[Scraped caption text data]
----------------

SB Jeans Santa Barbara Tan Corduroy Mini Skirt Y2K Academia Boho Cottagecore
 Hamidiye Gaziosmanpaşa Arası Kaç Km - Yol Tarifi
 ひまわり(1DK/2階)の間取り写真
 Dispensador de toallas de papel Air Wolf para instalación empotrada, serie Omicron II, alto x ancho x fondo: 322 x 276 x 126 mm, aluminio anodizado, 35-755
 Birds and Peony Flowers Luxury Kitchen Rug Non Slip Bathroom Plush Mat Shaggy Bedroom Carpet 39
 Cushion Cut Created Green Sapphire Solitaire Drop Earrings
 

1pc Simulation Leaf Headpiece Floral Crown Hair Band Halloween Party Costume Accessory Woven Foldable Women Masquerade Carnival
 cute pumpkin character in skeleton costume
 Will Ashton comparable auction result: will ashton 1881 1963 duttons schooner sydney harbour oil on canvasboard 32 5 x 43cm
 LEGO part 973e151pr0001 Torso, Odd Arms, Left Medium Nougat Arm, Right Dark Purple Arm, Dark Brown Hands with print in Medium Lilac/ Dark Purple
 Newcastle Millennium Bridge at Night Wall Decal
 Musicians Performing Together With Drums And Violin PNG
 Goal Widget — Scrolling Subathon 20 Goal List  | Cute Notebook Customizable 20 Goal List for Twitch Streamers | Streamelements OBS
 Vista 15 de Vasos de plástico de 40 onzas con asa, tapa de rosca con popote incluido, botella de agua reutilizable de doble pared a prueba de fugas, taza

----------------

> Exercise instructions
Transcribe all of the records above without altering anything.

> Reply to the exercise
SB Jeans Santa Barbara Tan Corduroy Mini Skirt Y2K Academia Boho Cottagecore
 Hamidiye Gaziosmanpaşa Arası Kaç Km - Yol Tarifi
 ひまわり(1DK/2階)の間取り写真
 Dispensador de toallas de papel Air Wolf para instalación empotrada, serie Omicron II, alto x ancho x fondo: 322 x 276 x 126 mm, aluminio anodizado, 35-755
 Birds and Peony Flowers Luxury Kitchen Rug Non Slip Bathroom Plush Mat Shaggy Bedroom Carpet 39
 Cushion Cut Created Green Sapphire Solitaire Drop Earrings
 

1pc Simulation Leaf Headpiece Floral Crown Hair Band Halloween Party Costume Accessory Woven Foldable Women Masquerade Carnival
 cute pumpkin character in skeleton costume
 Will Ashton comparable auction result: will ashton 1881 1963 duttons schooner sydney harbour oil on canvasboard 32 5 x 43cm
 LEGO part 973e151pr0001 Torso, Odd Arms, Left Medium Nougat Arm, Right Dark Purple Arm, Dark Brown Hands with print in Medium Lilac/ Dark Purple
 Newcastle Millennium Bridge at Night Wall Decal
 Musicians Performing Together With Drums And Violin PNG
 Goal Widget — Scrolling Subathon 20 Goal List  | Cute Notebook Customizable 20 Goal List for Twitch Streamers | Streamelements OBS
 Vista 15 de Vasos de plástico de 40 onzas con asa, tapa de rosca con popote incluido, botella de agua reutilizable de doble pared a prueba de fugas, taza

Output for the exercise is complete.